### [Task prompt]
Going through the material below, output exactly the lines from the one containing "Landscaping contractors using" through the one containing "Slide: The Image", and no pictures.

### [Provided material]
- Opening Delimiter -

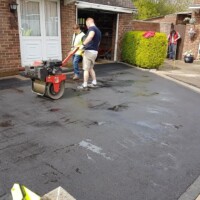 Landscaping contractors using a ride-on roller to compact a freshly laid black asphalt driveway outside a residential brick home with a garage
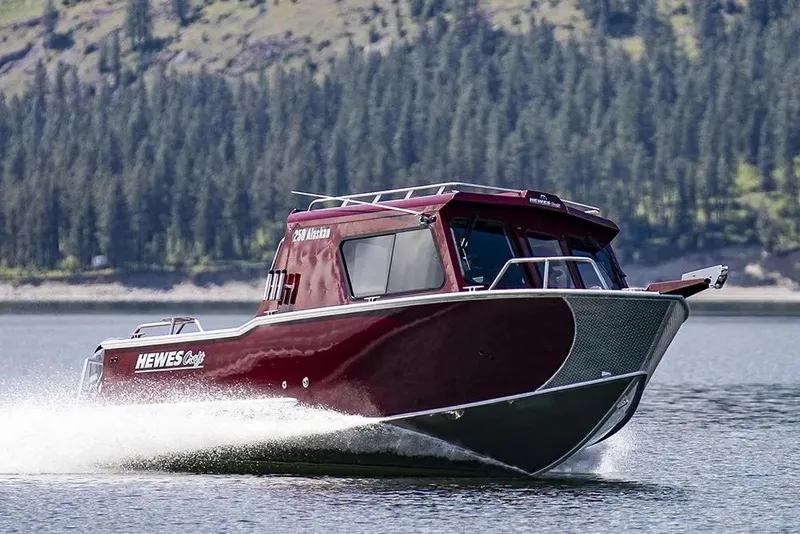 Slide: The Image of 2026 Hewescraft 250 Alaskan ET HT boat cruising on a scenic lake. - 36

- Closing Delimiter -
- Opening Delimiter -

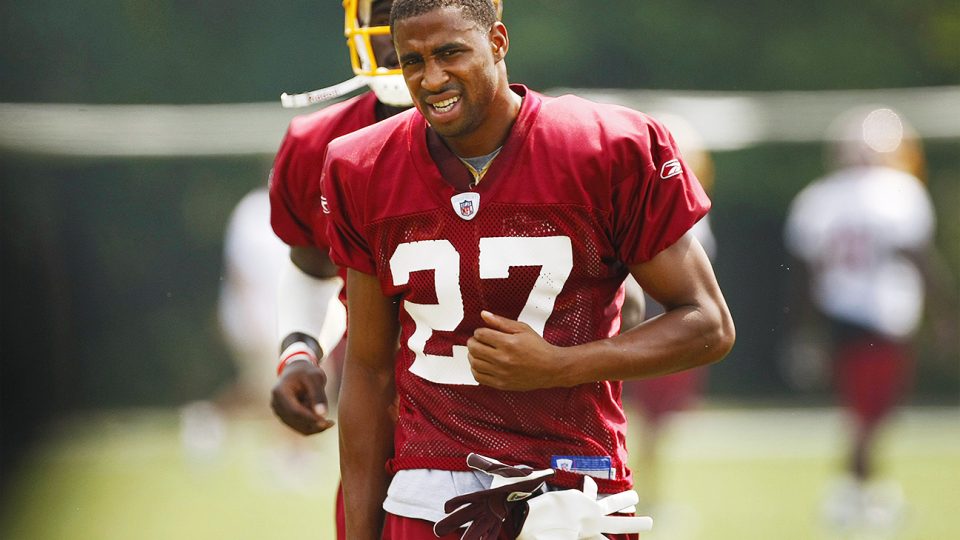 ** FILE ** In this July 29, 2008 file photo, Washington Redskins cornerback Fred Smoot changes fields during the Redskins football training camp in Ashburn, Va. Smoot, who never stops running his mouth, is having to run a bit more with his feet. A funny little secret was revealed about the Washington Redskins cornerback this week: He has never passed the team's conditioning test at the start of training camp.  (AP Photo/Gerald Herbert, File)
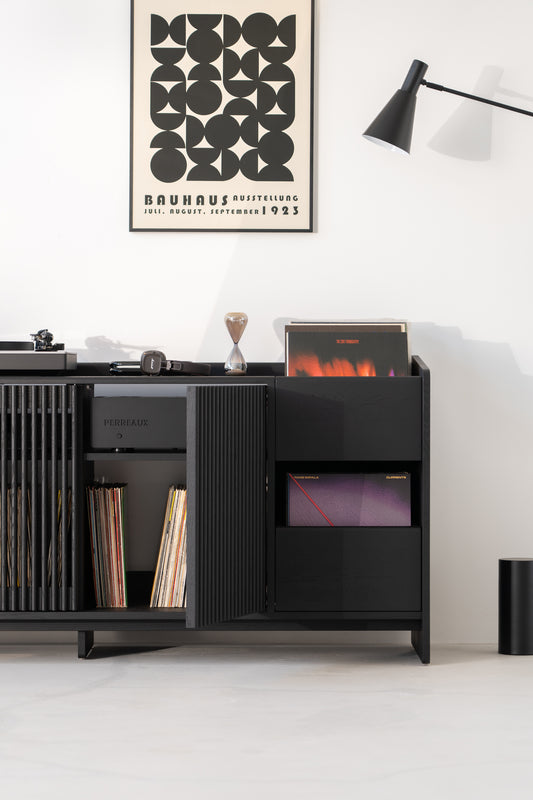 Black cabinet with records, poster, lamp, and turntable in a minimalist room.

- Closing Delimiter -
- Opening Delimiter -

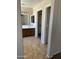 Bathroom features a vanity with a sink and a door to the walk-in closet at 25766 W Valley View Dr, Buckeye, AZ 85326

- Closing Delimiter -

### [Response below]
 Landscaping contractors using a ride-on roller to compact a freshly laid black asphalt driveway outside a residential brick home with a garage
 Slide: The Image of 2026 Hewescraft 250 Alaskan ET HT boat cruising on a scenic lake. - 36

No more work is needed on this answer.